Jagannath Rath Yatra

This spectacular chariot festival celebrated for 8 days is held at the famous Jagannath Temple at Puri (Orissa). Thousands of devotees flock to Puri during the occasion, as they believe that a glimpse of Lord Jagannath in his chariot gives salvation. Images of Lord Jagannath – the Lord of the Universe, his sister Subhadra and brother Balbhadra are taken out in a procession in three immense chariots. The main chariot is 14 meters high and 10 meters square with 16 wheels.

Thousands of devotees pull these chariots to Gundicha Mandir, a temple 3 km away. After a week, on ‘Ashadha Sukla Dasami’, the 10th day of the bright fortnight of Ashadha (June-July), return journey or ‘Bahuda Yatra’ of the deities commences in the same manner from Gundicha temple to the main temple like Rath Yatra. When two months of Ashadha fall in one year, Rath Yatra is observed as the festival of ‘Nabakalebar’ the old deities are buried within the temple premises (‘Koilibaikuntha’) and are replaced by new deities, carved out of Margosa trees for which there are set procedures. Double Ashadha occurs at intervals of 8 to 19 years.

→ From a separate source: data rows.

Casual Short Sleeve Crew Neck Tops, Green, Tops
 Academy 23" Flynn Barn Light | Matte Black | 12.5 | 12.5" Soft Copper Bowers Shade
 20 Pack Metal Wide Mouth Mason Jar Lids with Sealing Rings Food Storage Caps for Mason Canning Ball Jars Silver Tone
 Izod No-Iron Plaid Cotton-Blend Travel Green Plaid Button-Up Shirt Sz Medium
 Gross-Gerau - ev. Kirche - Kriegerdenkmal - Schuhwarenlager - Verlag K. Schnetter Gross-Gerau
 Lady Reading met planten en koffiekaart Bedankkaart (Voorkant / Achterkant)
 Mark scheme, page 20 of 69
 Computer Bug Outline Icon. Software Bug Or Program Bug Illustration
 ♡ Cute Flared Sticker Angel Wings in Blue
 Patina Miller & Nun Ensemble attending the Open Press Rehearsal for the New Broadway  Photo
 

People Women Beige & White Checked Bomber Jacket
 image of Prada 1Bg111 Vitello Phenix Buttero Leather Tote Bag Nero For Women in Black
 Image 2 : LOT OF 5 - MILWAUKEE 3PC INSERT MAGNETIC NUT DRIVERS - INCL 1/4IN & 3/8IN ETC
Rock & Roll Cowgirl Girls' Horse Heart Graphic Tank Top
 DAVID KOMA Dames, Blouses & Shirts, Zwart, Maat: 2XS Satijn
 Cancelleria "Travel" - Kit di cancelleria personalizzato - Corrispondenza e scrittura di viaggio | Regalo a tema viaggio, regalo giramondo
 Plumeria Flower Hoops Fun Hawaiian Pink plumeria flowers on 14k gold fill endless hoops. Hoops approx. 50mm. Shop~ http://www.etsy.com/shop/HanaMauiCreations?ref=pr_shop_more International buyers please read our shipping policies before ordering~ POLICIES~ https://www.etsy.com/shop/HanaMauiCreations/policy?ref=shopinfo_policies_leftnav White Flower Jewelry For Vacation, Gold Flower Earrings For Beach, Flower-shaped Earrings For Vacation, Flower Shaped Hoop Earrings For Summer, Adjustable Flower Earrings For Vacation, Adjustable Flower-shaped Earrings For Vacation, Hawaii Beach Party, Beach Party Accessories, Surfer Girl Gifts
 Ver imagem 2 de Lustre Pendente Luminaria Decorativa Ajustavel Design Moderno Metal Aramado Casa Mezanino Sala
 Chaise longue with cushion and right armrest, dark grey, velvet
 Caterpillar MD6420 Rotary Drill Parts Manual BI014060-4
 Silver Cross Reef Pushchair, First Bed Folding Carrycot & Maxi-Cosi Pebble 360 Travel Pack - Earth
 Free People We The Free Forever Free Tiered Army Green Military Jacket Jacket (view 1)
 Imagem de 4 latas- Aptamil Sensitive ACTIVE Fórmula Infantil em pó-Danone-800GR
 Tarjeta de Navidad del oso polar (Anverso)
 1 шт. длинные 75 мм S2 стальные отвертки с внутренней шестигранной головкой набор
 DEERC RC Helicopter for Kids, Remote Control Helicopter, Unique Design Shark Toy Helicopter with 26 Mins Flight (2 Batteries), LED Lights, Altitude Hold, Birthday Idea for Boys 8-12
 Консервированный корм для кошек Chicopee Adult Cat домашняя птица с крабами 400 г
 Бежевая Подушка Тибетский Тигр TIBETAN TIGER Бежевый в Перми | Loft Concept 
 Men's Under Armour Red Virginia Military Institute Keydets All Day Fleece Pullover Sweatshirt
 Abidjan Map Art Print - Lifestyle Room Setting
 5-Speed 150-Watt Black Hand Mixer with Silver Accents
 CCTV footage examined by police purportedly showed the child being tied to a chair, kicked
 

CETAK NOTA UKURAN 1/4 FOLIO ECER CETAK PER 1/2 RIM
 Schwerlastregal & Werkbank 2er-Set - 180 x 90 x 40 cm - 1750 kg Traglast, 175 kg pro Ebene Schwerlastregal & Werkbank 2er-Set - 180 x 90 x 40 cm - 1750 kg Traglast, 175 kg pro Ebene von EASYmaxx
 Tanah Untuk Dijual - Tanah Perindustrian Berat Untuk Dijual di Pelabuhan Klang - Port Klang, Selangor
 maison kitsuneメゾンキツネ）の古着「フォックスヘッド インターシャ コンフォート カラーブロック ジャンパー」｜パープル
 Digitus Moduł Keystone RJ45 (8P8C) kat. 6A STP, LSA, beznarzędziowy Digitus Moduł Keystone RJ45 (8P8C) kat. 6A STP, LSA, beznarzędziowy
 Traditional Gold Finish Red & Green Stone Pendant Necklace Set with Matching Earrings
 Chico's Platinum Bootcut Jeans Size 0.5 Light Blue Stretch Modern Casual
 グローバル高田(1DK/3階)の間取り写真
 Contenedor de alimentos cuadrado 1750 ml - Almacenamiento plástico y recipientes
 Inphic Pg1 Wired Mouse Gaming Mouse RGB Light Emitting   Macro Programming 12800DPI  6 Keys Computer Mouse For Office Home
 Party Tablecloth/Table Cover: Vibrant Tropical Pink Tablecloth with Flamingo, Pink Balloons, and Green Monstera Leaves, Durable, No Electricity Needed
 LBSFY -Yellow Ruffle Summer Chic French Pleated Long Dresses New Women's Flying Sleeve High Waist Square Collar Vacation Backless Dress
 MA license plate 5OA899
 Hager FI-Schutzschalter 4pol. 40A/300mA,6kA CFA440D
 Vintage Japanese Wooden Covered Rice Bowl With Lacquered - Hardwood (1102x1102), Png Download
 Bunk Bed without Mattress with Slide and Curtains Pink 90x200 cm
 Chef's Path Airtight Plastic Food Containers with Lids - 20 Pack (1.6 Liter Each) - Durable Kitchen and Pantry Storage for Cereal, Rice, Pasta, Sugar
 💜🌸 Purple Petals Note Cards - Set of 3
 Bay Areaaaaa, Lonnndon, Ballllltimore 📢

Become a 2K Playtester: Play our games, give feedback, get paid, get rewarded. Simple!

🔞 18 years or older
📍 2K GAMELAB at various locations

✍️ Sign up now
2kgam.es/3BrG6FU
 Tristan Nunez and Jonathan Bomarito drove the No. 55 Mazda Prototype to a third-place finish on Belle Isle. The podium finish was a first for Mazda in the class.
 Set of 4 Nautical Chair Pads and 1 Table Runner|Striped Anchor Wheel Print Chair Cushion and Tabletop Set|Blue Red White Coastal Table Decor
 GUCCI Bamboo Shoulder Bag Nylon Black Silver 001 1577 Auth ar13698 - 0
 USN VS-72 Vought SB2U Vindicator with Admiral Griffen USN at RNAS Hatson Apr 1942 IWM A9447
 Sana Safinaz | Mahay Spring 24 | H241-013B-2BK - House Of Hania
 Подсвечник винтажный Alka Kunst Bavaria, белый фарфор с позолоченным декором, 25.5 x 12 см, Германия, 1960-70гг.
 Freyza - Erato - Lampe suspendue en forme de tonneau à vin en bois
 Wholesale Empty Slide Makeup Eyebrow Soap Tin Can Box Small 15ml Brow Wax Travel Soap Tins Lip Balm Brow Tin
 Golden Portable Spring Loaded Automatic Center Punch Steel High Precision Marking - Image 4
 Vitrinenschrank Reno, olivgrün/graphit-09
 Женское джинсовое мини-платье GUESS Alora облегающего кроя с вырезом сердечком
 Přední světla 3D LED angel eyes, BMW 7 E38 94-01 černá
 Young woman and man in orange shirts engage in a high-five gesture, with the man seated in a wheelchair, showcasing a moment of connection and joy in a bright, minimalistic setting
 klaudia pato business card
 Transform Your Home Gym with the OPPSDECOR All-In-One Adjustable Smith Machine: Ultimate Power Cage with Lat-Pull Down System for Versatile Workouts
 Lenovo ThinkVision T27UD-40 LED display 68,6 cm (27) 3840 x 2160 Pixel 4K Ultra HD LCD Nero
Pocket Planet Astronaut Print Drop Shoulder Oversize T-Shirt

Construction of the chariots begin as early as April.

Rath Yatra Festival Illustration by Amarjeet Malik
Rath Yatra Festival Illustration by Amarjeet Malik

Jagannath Rath Yatra or the ‘chariot journey of Lord Jagannatha’, observed in the month of Ashadha (June-July), is a festival that celebrates the annual visit of the God to his birthplace. The Jagannath Temple at Puri, Orissa is the venue for all celebrations. Several lakh people converge at Puri for this festival. An atmosphere of almost hysterical devotion prevails on this day and in earlier years; devotees were known to have thrown themselves under the wheels of the rath in the hope of obtaining instant salvation.

Images of Jagannath, as Lord Krishna is known, his brother Balabhadra and sister Subhadra, are taken in giant chariots to Gundicha Ghar. They stay there for a week and then return to the temple. On their journeys, they are accompanied by a huge procession of people, singing and celebrating.

The festival has been celebrated since ancient times. According to a legend about its origin, Jagannatha is said to have expressed his desire to visit his birthplace every year for a week. Accordingly, the deities are taken to the Gundicha Mandir every year.

According to another legend, Subhadra wanted to visit Dwarka, her parent’s home, and her brothers took her there on this day. The Yatra is a commemoration of that visit.

According to the Bhagavad Purana, it is believed that it was on this day that Krishna and Balarama went to Mathura to participate in a wrestling competition, at Kansa’s invitation.

Some Hindus believe that Jagannatha is an incarnation of Vishnu. Since Vishnu has four arms, Balabhadra, Subhadra and Sudarshana represent Vishnu’s four arms. Each deity has its own massive chariot, which are replicas of the temple. Jagannatha’s chariot, Nandighosha, is yellow in color, 45 ft high and has 16 wheels, each one seven feet in diameter. About 4,200 devotees draw the chariot. Balabhadra’s chariot is called Taladhvaja, is blue in color and has 14 wheels. Subhadra’s chariot is the smallest, with 12 wheels and is called Deviratha.